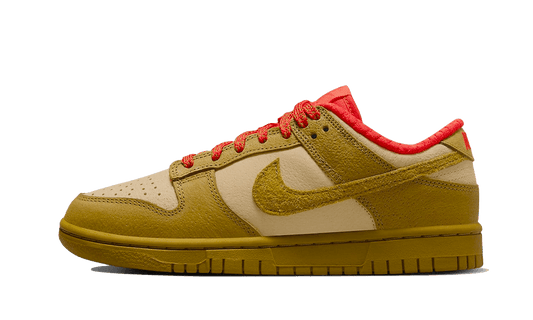 Nike Dunk Low Bronzine Sesame Picante Red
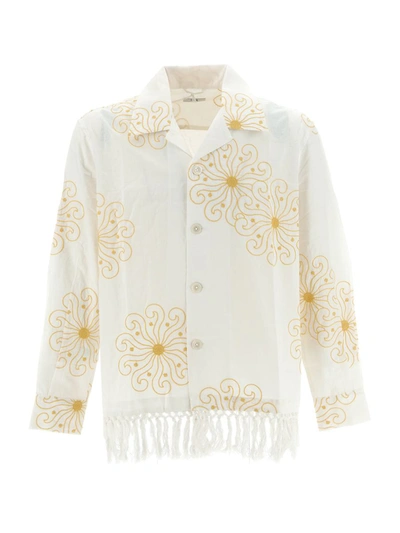 Bode Shirts In White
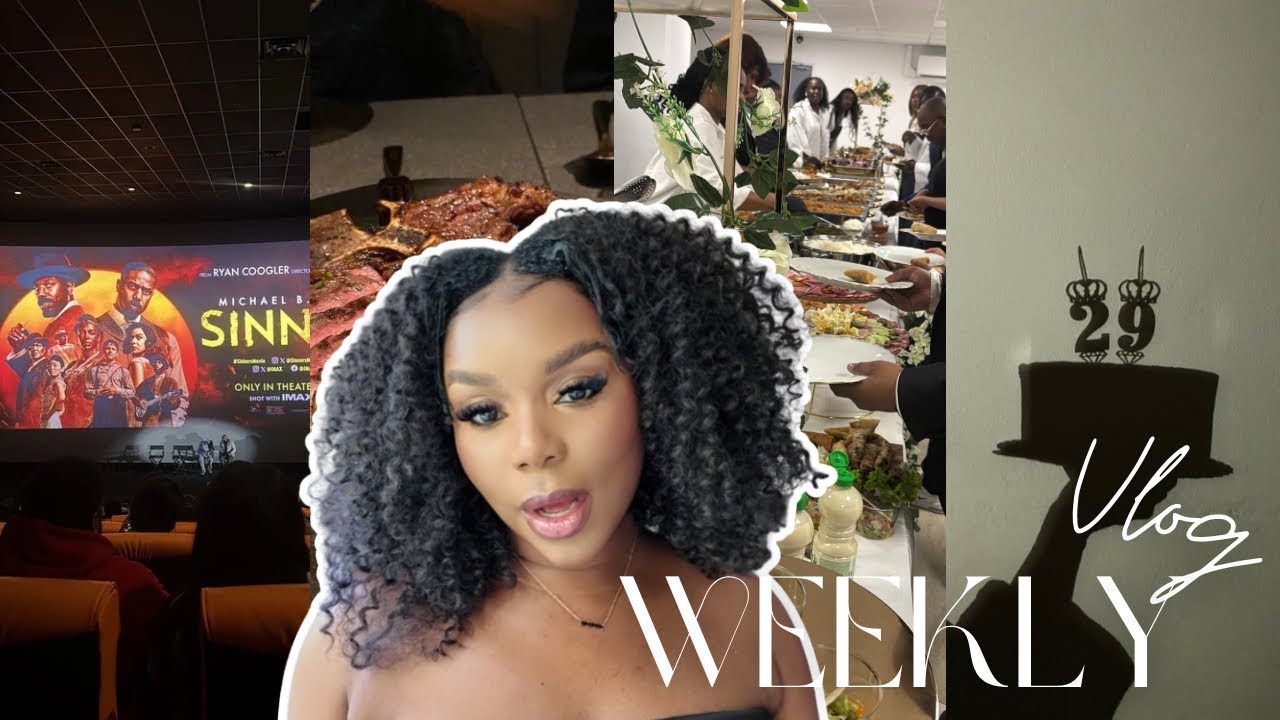 WEEKLY VLOG : Mon anniversaire, mariage de mon oncle, vie de famille I Grace Dolce #lifestyle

#### Assignment
Return the listing verbatim, pictures omitted.

#### Answer space
 Nike Dunk Low Bronzine Sesame Picante Red
 Bode Shirts In White
 WEEKLY VLOG : Mon anniversaire, mariage de mon oncle, vie de famille I Grace Dolce #lifestyle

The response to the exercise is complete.